Furney recruited Passaretti to Charlotte from Baltimore’s Johns Hopkins University, where she got her medical training and was first employed as a hospital epidemiologist. In less than five years with Carolinas HealthCare, she has become a local and regional expert and was invited to speak to the national Association for Professionals in Infection Control and Epidemiology annual meeting last summer, Furney said.
Explaining things comes easily, Passaretti said. “To be a good doctor, you really have to be able to break it down in terms that someone with no medical knowledge (can understand). I think I’m good at being able to see things from other people’s perspectives.”
Part of her education came from “being on the other side of things” when her mother was dying of cancer several years ago. Some of the doctors spoke to Passaretti, instead of to her mother, and used language that wasn’t easy for her mother to understand. Observing that “definitely made me a better doctor,” Passaretti said.
Passaretti was drawn to infectious diseases because the specialty seemed “very logical. There’s a bug. There’s a drug. The drug works by this mechanism and kills the bacteria. By and large, you can make people with infectious diseases better.”
That’s not always true for Ebola, of course. But Passaretti said the latest outbreak has proven that early diagnosis and supportive care for Ebola patients works.

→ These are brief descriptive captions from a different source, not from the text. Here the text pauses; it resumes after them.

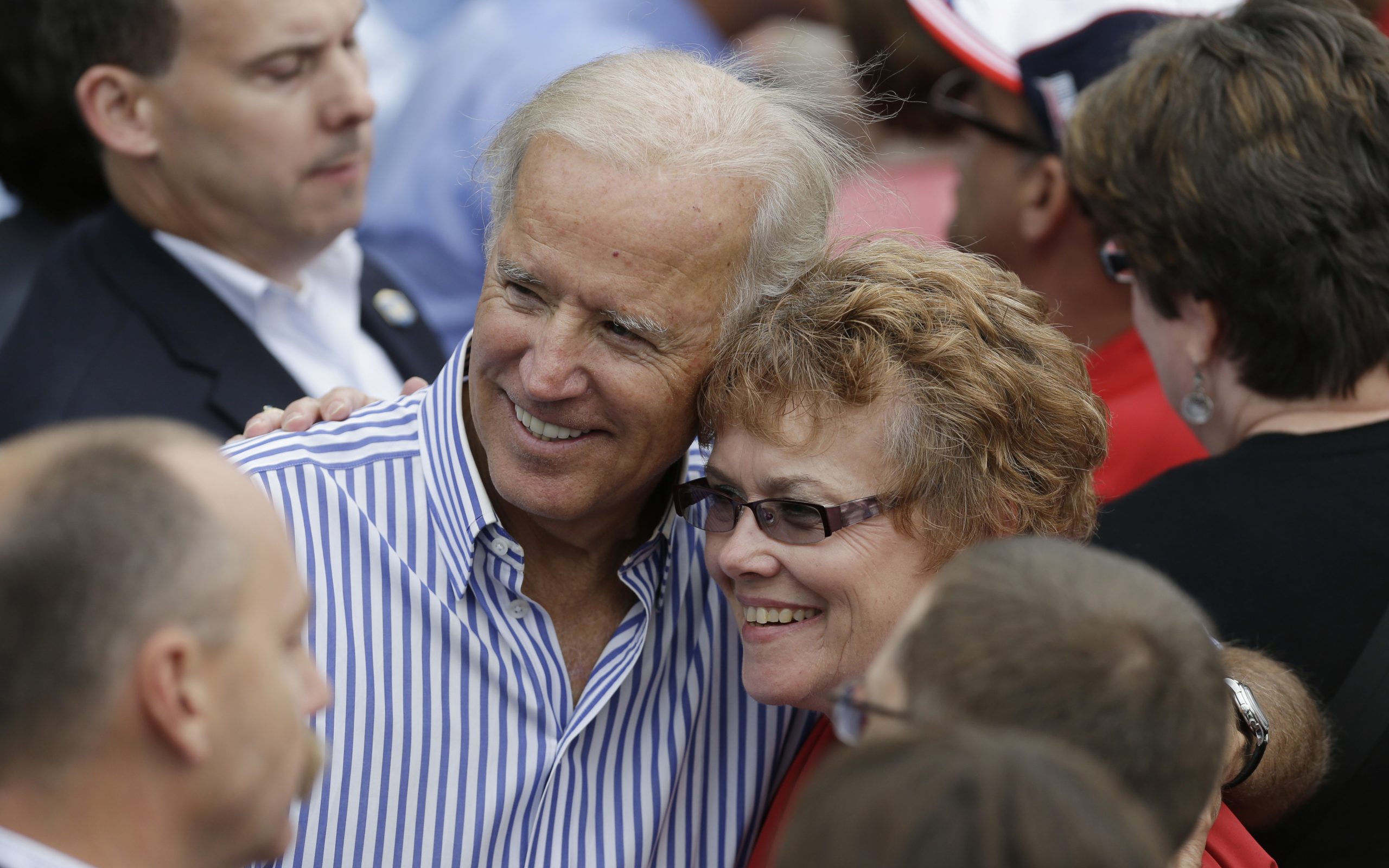 Biden will continue pressing the flesh despite new coronavirus variants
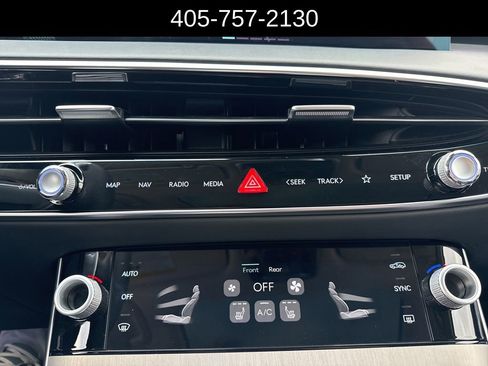 Certified 2026 Genesis GV70 2.5T Select image 22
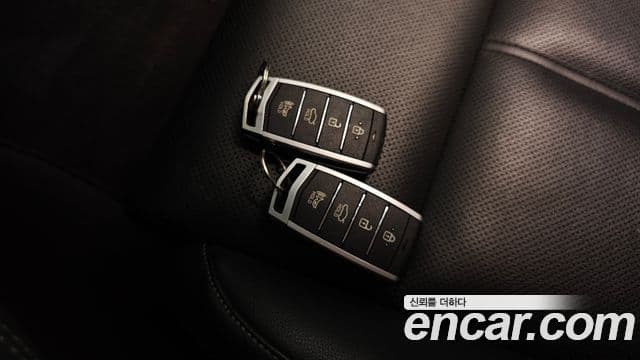 Genesis G70 2018 — ფოტო 15/20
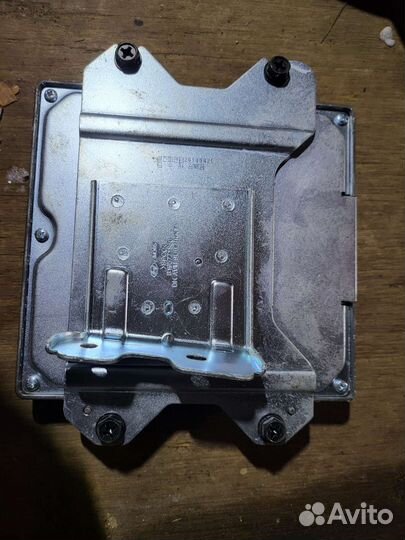 Блок управления круговым обзором Genesis G80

In Africa, she said, the mortality rate early on was 60 percent but is now down to 35 percent.
Despite fears about the spread of Ebola, the only U.S. health care workers who contracted the infection were the two nurses from Dallas, she said, even though many were involved in the care of the more than 10 Ebola patients cared for in this country.
Passaretti is sometimes frustrated by the “misinformation” spread about Ebola. “My approach is that the best way to fight that stuff is with education and not being reactive to it. Staying calm and knowing the true data. You can’t refute facts.”
That’s what reassured her on that morning in July when Passaretti donned protective gear to meet with the potential Ebola patient at CMC. “I can’t say I was afraid, partly because I know how the virus is transmitted. He wasn’t so sick that I was at risk for bodily fluid exposure.”
Although some hospital employees were “freaking out” about whether it was safe to be around the patient’s family, Passaretti said they “were asymptomatic. There was no way they could cause any problems.” She tried to put herself in their place. “It was a little bit of a scary situation for the family and the patient,” she said. “He was isolated, and the family wasn’t allowed to see him.”
As intense at it was, Passaretti said outbreak management is one of her favorite parts of the job. “It’s like mysteries. Where did it start? How do we stop it? What pieces can you put in place to prevent it from happening again? I like that kind of thinking through how we’re going to respond to an emerging situation.”
That’s good, because there are plenty of antibiotic-resistant bacteria and evolving viruses to keep her busy. “We’re fighting this battle where the bacteria adapt quickly, and we adapt slowly.”
“That’s going to be an ongoing struggle,” she said, adding with a smile, “and will insure my job security for awhile.”